_Task to complete_: Transcribe exactly the line containing "445010008 Bosch насос" and each line after it, through the end of the entries, with nothing before or after.

_Entries supplied_:
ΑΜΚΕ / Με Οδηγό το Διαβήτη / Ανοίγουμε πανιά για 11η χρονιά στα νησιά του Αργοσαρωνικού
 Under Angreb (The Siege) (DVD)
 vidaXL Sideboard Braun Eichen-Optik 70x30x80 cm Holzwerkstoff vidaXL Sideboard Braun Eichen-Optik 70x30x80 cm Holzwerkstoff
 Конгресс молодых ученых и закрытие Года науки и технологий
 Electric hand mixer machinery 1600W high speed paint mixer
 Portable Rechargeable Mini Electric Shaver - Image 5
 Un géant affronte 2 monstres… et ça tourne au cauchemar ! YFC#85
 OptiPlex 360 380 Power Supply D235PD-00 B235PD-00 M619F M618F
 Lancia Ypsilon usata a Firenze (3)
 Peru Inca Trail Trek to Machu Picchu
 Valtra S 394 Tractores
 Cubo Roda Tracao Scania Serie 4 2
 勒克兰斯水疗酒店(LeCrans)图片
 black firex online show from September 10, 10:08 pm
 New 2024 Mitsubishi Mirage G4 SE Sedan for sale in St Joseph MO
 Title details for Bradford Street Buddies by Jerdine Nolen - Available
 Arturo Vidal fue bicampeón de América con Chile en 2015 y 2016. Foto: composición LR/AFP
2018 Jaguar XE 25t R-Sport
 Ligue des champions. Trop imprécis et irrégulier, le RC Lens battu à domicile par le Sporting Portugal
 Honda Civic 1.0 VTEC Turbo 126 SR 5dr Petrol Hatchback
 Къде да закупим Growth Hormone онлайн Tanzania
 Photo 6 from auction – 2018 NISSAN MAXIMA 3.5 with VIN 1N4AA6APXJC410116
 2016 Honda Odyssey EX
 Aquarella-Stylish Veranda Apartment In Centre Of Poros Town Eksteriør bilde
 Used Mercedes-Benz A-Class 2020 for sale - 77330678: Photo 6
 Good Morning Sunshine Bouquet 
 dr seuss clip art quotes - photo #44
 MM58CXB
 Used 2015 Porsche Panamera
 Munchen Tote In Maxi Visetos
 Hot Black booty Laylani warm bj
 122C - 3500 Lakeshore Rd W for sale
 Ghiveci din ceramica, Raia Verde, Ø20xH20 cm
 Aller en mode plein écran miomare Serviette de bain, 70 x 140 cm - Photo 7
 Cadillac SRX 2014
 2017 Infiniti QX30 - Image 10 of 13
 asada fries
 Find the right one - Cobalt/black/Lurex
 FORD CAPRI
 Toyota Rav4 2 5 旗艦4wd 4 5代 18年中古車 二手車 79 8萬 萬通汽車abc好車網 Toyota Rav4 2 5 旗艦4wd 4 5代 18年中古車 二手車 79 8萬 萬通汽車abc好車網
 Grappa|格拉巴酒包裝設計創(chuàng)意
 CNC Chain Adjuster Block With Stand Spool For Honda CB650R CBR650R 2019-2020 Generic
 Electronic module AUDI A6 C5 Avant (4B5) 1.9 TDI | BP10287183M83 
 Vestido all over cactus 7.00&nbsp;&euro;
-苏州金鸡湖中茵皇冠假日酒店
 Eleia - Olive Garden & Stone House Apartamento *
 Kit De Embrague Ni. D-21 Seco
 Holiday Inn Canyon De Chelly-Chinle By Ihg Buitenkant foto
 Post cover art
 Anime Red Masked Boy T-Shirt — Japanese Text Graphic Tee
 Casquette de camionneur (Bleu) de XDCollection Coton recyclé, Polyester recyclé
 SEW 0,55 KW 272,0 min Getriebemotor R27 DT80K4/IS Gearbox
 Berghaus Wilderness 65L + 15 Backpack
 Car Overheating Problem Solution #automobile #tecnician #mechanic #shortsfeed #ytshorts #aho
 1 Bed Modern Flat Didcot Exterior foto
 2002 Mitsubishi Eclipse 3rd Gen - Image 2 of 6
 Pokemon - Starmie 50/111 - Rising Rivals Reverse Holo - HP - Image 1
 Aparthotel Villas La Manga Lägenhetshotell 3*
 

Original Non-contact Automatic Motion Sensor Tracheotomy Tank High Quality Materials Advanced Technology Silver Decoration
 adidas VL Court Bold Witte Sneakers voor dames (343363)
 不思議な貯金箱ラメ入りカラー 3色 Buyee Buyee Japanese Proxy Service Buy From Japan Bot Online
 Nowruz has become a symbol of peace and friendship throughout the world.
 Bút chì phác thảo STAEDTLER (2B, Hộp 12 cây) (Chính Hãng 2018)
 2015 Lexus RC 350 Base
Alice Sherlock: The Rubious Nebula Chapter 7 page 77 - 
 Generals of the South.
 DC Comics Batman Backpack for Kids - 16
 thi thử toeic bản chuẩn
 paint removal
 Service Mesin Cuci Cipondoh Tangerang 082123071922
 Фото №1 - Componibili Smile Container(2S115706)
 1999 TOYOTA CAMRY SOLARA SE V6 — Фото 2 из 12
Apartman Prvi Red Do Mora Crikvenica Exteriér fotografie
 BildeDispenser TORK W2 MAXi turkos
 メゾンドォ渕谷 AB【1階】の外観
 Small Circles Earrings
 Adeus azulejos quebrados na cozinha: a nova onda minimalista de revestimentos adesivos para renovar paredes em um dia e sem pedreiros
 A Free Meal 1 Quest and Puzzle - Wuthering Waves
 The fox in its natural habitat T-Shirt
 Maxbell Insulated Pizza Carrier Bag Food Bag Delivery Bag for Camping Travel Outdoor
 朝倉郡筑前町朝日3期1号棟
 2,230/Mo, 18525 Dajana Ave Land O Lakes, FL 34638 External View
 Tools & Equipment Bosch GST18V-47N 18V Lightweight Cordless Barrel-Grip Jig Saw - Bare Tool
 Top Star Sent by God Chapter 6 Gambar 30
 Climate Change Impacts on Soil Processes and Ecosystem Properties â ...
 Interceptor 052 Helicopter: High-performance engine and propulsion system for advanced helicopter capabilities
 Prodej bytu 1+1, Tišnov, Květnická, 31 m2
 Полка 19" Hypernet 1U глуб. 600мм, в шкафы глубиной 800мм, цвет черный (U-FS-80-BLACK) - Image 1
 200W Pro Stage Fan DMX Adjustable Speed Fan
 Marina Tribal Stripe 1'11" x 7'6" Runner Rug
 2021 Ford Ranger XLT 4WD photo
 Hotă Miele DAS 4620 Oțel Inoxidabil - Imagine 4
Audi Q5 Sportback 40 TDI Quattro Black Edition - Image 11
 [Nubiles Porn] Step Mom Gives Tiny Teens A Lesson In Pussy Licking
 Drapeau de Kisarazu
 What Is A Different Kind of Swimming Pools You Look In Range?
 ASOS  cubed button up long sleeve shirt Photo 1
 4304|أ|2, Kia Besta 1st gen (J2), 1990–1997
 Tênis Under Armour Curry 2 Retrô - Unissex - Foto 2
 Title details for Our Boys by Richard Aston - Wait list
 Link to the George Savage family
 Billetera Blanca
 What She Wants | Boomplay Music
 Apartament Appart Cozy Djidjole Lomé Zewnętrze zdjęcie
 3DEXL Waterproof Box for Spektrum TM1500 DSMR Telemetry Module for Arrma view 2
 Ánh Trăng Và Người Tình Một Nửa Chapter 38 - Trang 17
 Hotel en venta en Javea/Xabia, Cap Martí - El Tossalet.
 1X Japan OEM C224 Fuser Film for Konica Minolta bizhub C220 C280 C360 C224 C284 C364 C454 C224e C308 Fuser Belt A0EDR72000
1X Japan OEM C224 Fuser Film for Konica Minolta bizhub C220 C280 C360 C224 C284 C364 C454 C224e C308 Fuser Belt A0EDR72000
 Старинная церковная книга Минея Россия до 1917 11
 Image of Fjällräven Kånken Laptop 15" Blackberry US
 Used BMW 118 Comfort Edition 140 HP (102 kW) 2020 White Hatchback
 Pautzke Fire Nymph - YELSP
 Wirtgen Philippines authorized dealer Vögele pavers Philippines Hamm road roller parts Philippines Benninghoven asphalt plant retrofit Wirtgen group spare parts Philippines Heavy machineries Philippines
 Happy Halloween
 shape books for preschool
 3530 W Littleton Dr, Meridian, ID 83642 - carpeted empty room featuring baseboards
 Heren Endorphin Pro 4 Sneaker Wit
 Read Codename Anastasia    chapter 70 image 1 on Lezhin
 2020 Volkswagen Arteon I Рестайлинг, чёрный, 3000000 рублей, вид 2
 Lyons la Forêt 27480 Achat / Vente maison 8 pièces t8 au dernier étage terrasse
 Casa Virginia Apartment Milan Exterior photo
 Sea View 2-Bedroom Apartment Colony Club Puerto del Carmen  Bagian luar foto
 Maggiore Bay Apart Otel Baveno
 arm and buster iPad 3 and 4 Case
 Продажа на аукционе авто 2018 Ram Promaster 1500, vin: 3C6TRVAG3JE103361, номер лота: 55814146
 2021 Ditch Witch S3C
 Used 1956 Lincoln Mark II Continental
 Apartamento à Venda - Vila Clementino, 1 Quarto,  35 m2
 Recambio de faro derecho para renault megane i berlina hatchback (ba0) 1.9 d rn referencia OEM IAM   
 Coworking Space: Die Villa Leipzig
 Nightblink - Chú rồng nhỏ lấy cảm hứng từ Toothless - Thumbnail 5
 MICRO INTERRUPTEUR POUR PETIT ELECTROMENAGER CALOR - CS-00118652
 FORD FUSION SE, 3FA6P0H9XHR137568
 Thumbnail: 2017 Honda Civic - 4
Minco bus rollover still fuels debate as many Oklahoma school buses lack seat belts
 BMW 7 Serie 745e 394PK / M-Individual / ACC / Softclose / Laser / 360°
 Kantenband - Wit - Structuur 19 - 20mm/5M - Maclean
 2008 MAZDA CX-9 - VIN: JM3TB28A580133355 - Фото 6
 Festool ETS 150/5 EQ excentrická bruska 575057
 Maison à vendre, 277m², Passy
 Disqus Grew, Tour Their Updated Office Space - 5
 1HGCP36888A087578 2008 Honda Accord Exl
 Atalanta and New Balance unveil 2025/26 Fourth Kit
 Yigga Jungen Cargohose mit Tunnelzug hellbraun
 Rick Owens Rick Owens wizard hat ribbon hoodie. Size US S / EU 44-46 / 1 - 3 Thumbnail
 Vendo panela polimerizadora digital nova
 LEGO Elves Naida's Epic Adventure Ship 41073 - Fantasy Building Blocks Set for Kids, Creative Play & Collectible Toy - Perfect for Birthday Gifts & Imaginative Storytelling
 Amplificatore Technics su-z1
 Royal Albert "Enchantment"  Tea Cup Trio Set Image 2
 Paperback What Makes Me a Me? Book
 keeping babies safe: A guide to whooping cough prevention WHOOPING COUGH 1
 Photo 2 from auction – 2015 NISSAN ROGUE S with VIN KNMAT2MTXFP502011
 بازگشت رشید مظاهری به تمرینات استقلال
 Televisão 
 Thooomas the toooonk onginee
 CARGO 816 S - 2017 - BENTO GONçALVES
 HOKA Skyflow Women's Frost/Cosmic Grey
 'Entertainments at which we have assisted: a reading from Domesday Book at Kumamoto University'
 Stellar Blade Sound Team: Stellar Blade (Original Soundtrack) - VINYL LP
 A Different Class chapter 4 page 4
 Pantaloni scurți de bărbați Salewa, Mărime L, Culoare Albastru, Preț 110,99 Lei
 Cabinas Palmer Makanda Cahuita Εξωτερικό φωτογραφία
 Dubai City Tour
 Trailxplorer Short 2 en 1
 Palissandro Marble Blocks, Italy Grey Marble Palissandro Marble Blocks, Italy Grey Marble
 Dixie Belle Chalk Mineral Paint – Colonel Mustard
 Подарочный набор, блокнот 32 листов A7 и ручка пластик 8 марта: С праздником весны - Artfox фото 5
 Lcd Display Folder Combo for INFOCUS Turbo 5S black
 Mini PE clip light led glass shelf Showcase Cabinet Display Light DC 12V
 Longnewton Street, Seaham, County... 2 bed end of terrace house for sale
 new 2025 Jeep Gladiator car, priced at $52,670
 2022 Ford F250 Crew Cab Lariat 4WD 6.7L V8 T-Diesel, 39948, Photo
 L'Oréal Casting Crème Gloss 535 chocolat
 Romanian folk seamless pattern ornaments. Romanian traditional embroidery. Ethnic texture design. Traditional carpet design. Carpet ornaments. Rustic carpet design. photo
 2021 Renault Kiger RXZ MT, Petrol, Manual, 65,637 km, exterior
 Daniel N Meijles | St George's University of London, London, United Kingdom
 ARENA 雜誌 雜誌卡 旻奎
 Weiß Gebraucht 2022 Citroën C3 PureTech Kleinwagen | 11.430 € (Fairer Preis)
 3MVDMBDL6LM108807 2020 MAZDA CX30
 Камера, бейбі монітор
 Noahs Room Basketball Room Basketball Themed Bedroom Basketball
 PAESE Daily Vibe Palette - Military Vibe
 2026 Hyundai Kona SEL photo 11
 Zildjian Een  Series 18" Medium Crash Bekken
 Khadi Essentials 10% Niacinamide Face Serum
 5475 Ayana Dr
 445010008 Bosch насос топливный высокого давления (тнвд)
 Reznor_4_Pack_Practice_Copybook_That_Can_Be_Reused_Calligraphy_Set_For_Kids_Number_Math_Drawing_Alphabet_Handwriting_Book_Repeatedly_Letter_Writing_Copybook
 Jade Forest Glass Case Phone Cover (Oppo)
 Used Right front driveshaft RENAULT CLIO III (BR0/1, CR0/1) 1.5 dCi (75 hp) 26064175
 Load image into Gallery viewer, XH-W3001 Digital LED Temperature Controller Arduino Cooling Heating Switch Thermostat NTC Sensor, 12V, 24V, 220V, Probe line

_Problem solution_:
 445010008 Bosch насос топливный высокого давления (тнвд)
 Reznor_4_Pack_Practice_Copybook_That_Can_Be_Reused_Calligraphy_Set_For_Kids_Number_Math_Drawing_Alphabet_Handwriting_Book_Repeatedly_Letter_Writing_Copybook
 Jade Forest Glass Case Phone Cover (Oppo)
 Used Right front driveshaft RENAULT CLIO III (BR0/1, CR0/1) 1.5 dCi (75 hp) 26064175
 Load image into Gallery viewer, XH-W3001 Digital LED Temperature Controller Arduino Cooling Heating Switch Thermostat NTC Sensor, 12V, 24V, 220V, Probe line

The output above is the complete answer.